Fun facts: Did you know that modern insulin, as used by the vast majority of patients with diabetes, was made by essentially corrupting the DNA of E.Coli into a usable chemical? Botox, a very helpful therapeutic and cosmetic drug was created working with botulism toxin. What, were no rattlesnake fangs available to milk for some cold medicine, Doctor Geniuspants???
My understanding of what possessed these brilliant men and women to even consider these substances as a possible treatment or cure for something (or even see any possible good in them) is limited by the short leash that shackles my brain.
Can we learn something from their odd wisdom regarding Alzheimer’s? I think so.
Alzheimer’s sucks. No sugarcoating it. My mom is dying as are what is left of the Sweet 17. Dying quickly, I might add.
How can we find beauty in this poison? As amazing Alzheimer’s guru Teepa Snow might say, how can we get a glimpse of the pearl inside of the ugly oyster?
1. Love the patient with no expectation of obvious reciprocity or tangible gain.
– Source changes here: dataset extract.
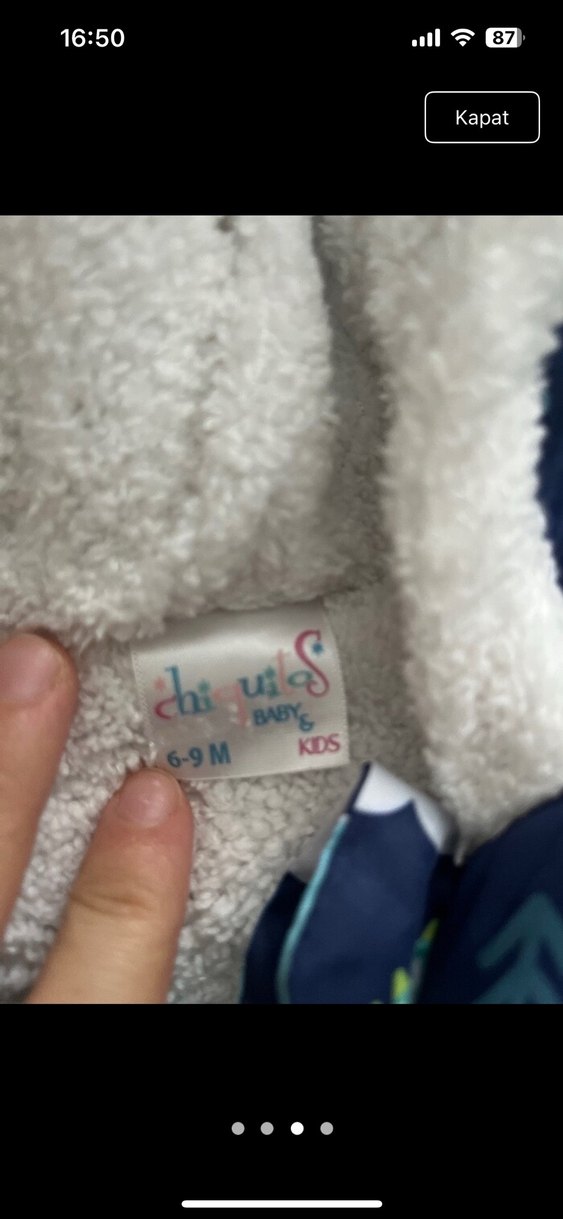 Koyu Mavi Bağlama Desenli Bebek Tulumu - Görsel 3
One of my favorites of the Sweet 17 hasn’t never said a word to me, but smiles and claps sometimes when I say her name and smile at her. She also whistles…That is worth more to me than a batch of her cookies or a big hug.
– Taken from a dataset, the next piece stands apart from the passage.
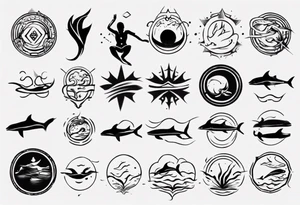swimming, no details tattoo idea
2. Watch closely. If your loved one is in a nursing home, learn names and use them. Smile and greet patients. Hug ones who like hugs. Buy gifts. Serve them…then watch. I see reactions all the time. We have no clue what is going on inside of their minds besides what we see in their reactions. I hope, for all I am worth, that decades of enjoying niceness has left remnants of the typical responses. There is good to be found among the non good. There just has to be.
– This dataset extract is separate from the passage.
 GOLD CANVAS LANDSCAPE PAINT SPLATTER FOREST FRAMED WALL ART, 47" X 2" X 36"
3. Listen closely. Talk to the patient/loved one, not at or over them. My mom gets frustrated when I ask her to repeat something she said, largely because she has already forgotten it. Listen and be empathetic. Don’t correct them. Don’t quiz them. Listen. Listen like they are a toddler just learning to speak, if that helps. Lovingly listen to them through the baby babble and commend them all the more when they say something you understand. Talk to them slowly and clearly whether or not you get a typical response. Sometimes I get responses. Some are great, some don’t make sense…but all have a purpose to my mom.
4. Don’t give up. Don’t let this stupid disease take you down with it. Learn. Grow. Advocate. Give. Serve.
I am not a Pollyanna. I am not even inherently positive. But this I know…you will never find the good by focusing on the bad. The e. Coli and botulism handlers get it. So should we. 🙂
Mom was a mess for the first hour tonight, but started softening up the longer I stayed. Her head bump was made worse today by another minor fall that whacked her glasses. Her hand is slowly improving. Speech was word salad for the most part peppered with a couple dashes of anxiety. She also had some fun/funny statements and gave a couple nice hugs. We finished with her playing the piano…One Day at a Time, about 10 times. Not sure if she was telling me something with her repeatedly played that ole tune?
Always lots of ups and downs at the memory unit. Never dull… 🙂
1 thought on “Watching and Looking”
My father died of dementia two years ago. I learned so much from this disease. I learned so much from spending time with him as he was disappearing. I learned how very important it was— the thousands of stories he told me before dementia—and the opportunity I had to tell them back to him after dementia . Thank you for sharing your experience. Finding beauty in this disease is like a mysterious puzzle calling us all to see things from angles we didn’t even know existed.
Comments are closed.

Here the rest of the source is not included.